TASK BRIEF >>
Starting with the line that has "Eladó téglalakás, Dunaújvárosban" in the records below and stopping after the line that has "Ford Escape Titanium FWD 2017", output every line exactly and nothing else; skip pictures.

RECORDS TO PROCESS >>
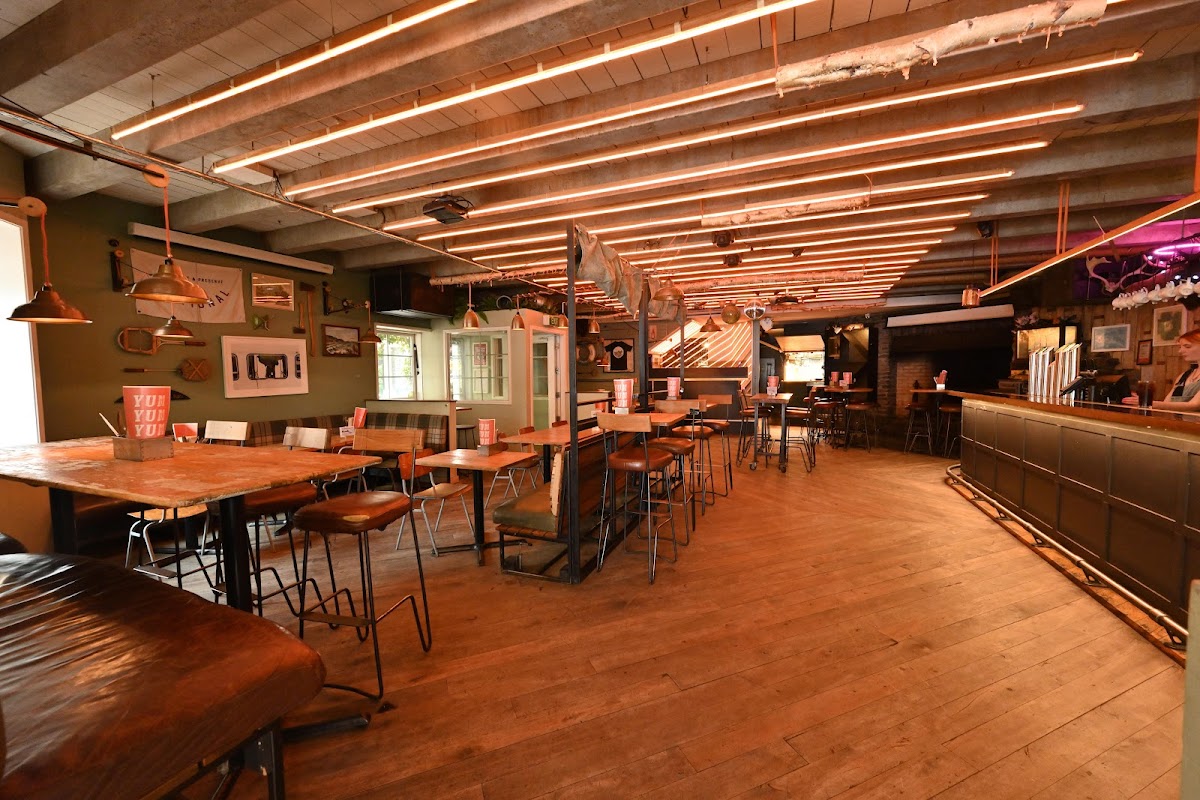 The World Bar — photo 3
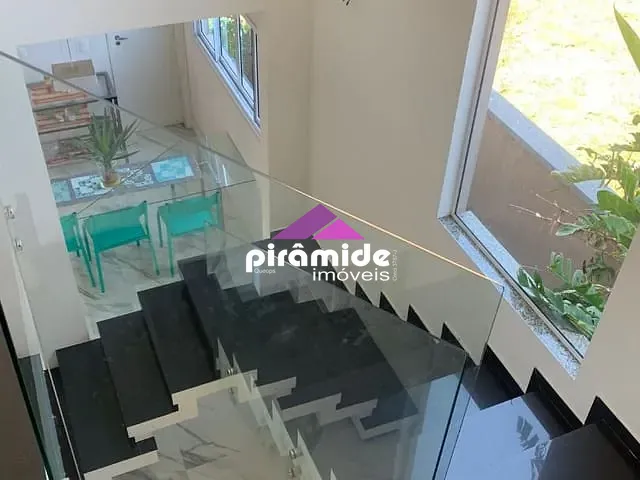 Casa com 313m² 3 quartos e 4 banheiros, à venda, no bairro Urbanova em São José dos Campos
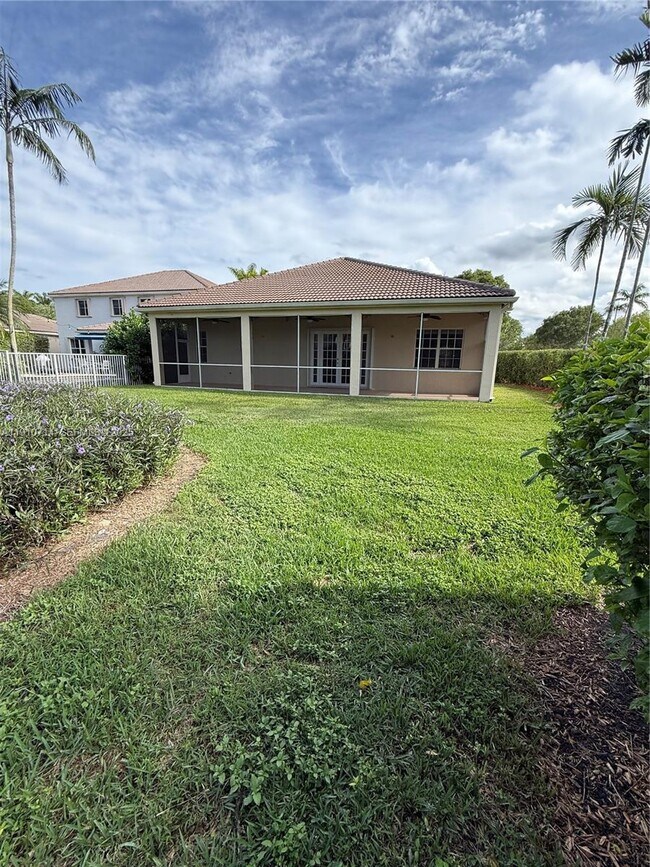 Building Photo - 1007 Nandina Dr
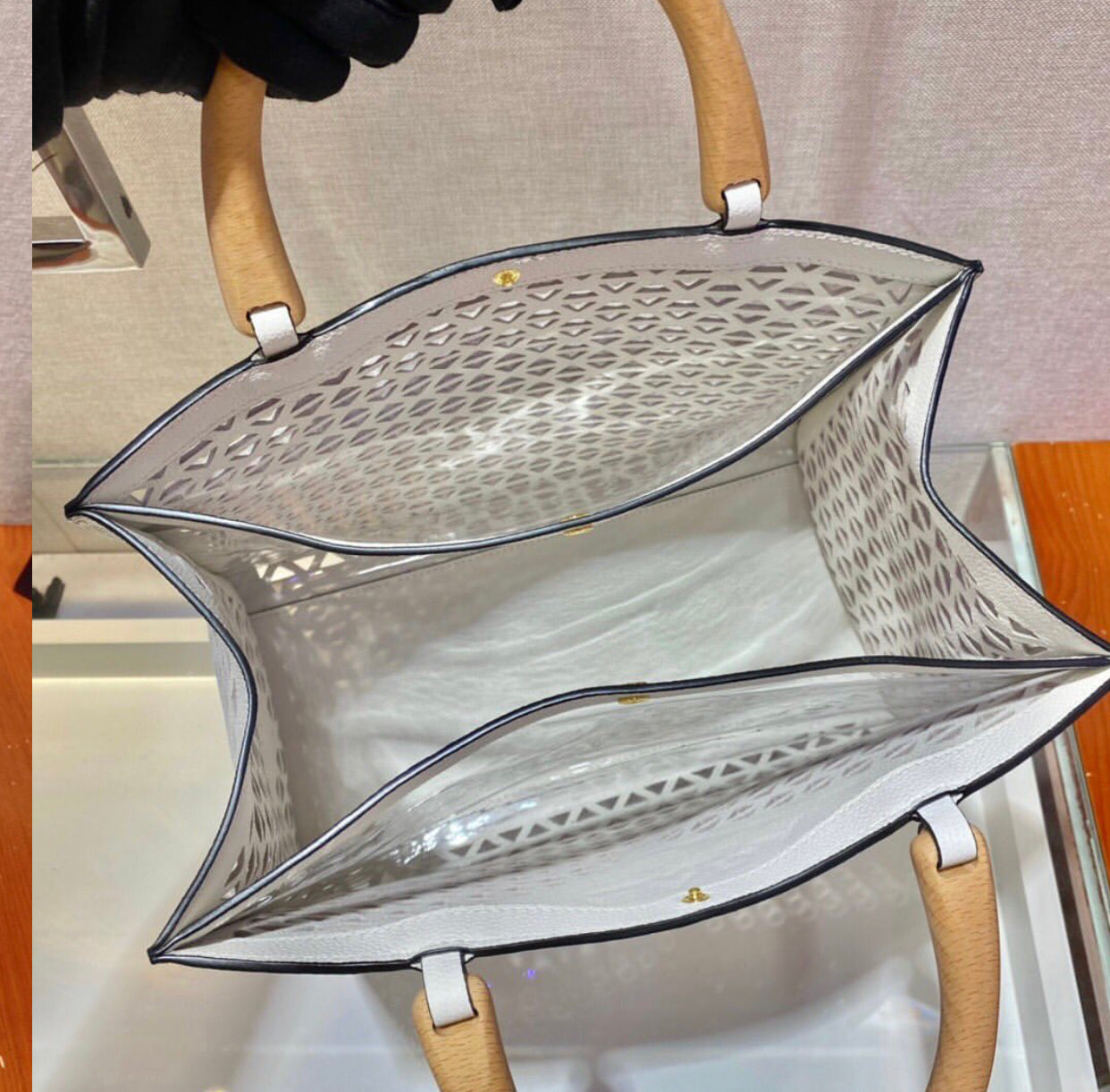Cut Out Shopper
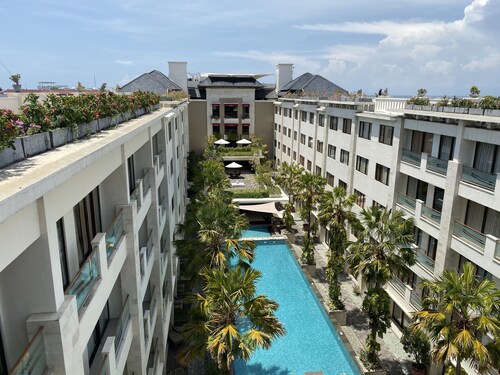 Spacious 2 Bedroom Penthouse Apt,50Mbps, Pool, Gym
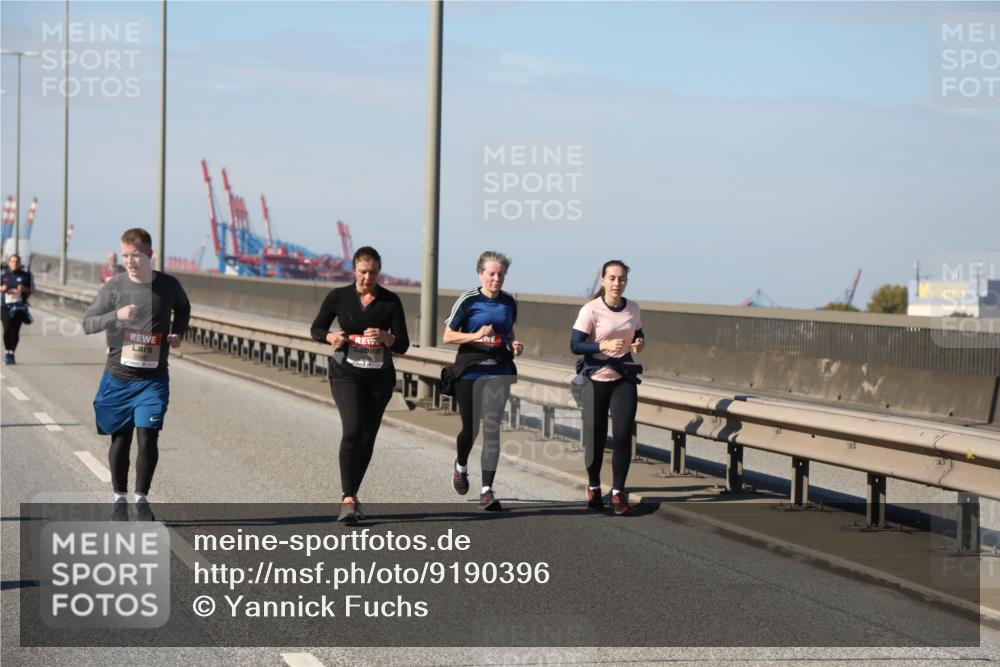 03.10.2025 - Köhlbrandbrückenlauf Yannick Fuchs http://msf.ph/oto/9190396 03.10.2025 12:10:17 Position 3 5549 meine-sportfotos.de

* * *

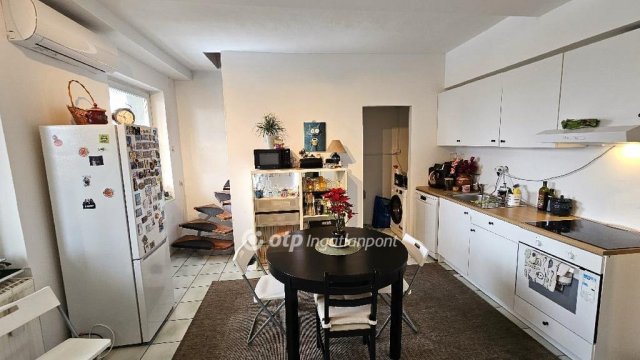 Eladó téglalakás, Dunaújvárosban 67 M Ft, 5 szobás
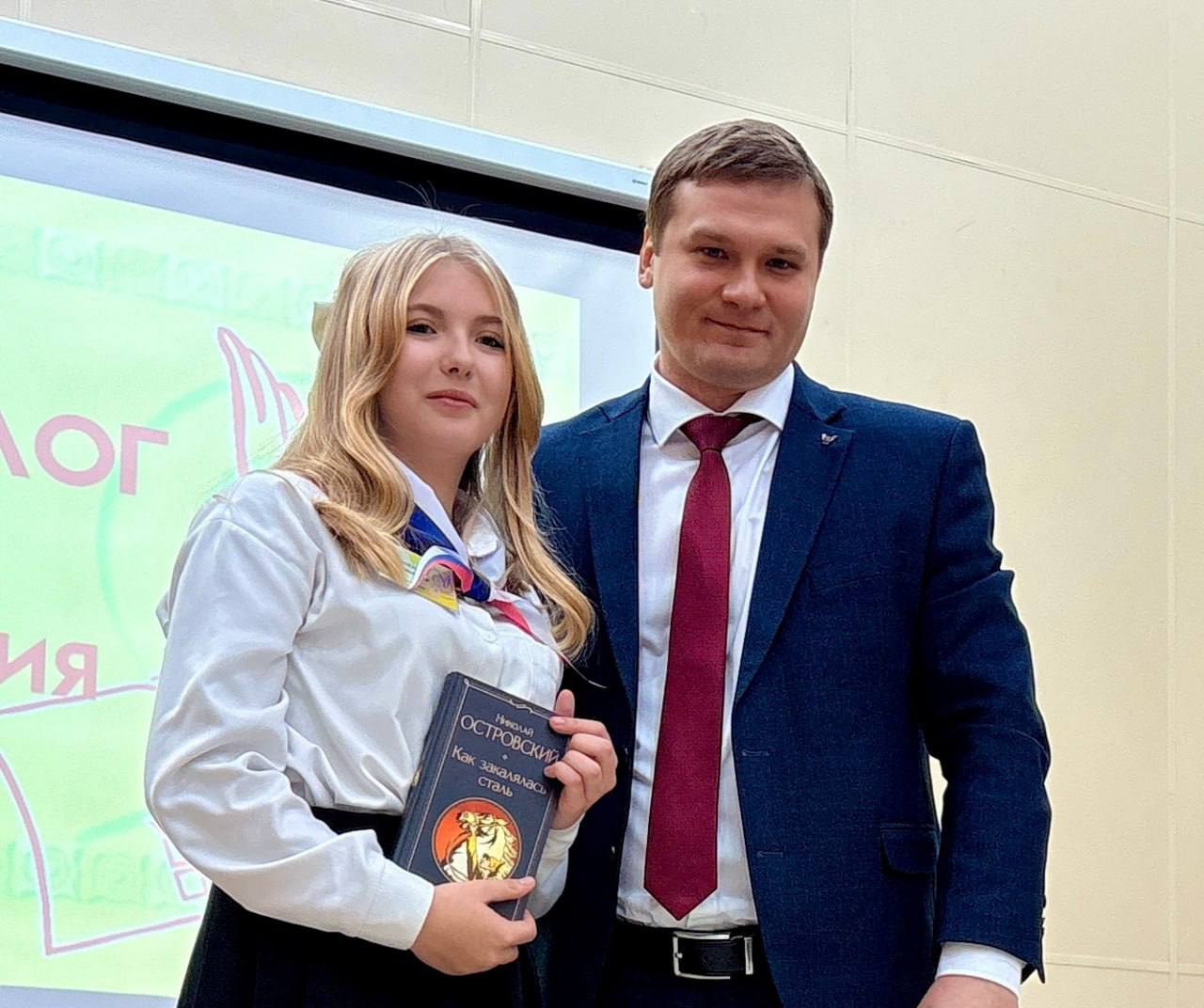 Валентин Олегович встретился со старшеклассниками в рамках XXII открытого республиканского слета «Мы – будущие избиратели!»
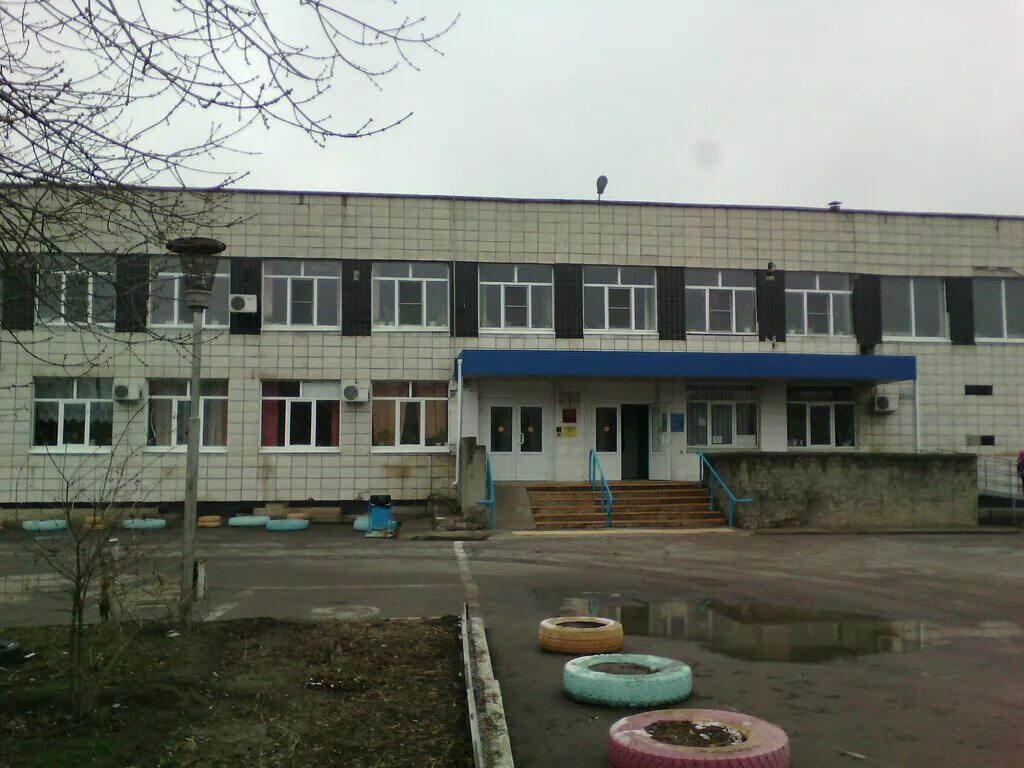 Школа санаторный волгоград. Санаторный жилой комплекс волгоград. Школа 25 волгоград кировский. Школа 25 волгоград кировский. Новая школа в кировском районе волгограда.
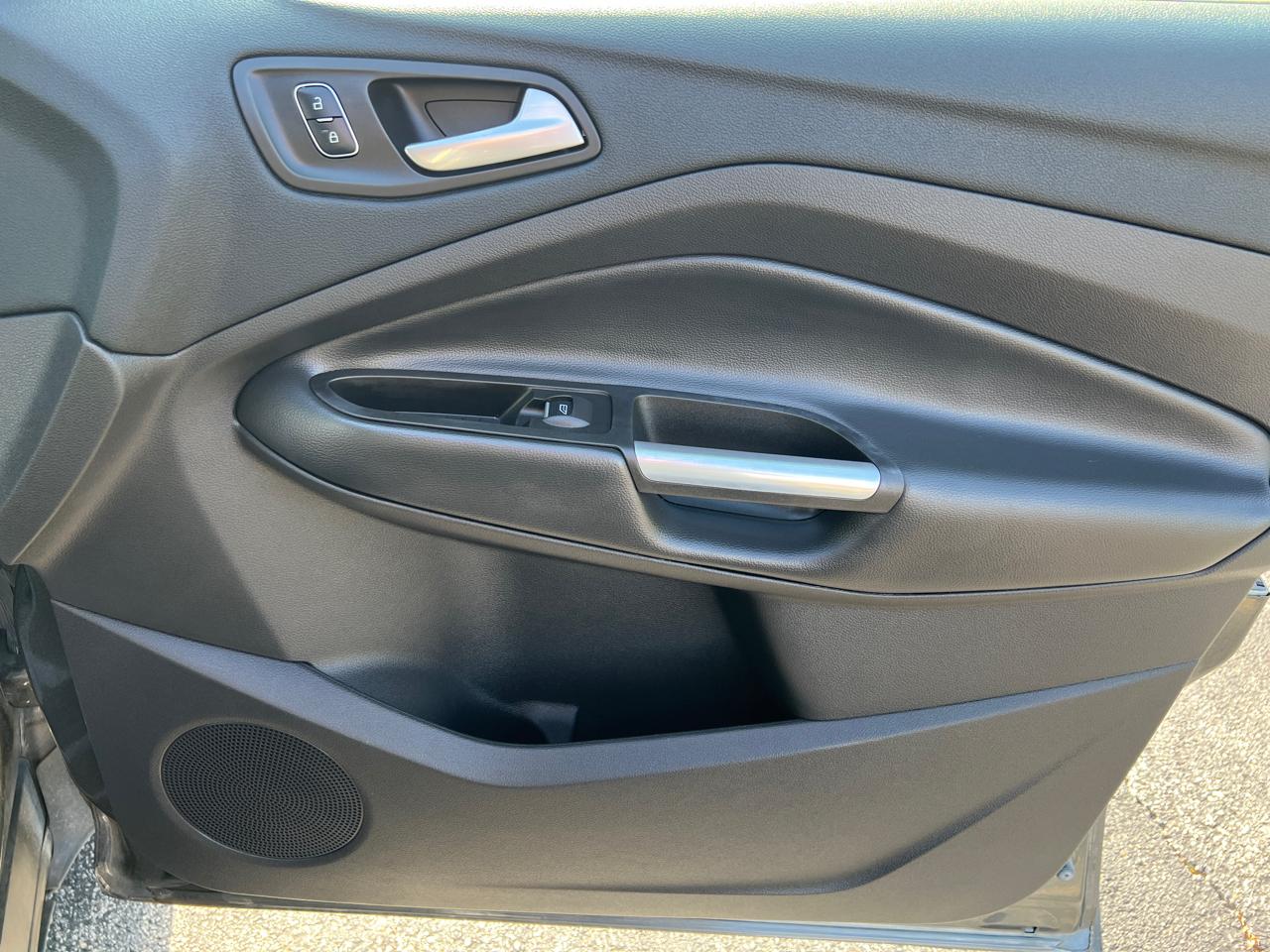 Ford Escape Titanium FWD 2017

WRITTEN SOLUTION >>
 Eladó téglalakás, Dunaújvárosban 67 M Ft, 5 szobás
 Валентин Олегович встретился со старшеклассниками в рамках XXII открытого республиканского слета «Мы – будущие избиратели!»
 Школа санаторный волгоград. Санаторный жилой комплекс волгоград. Школа 25 волгоград кировский. Школа 25 волгоград кировский. Новая школа в кировском районе волгограда.
 Ford Escape Titanium FWD 2017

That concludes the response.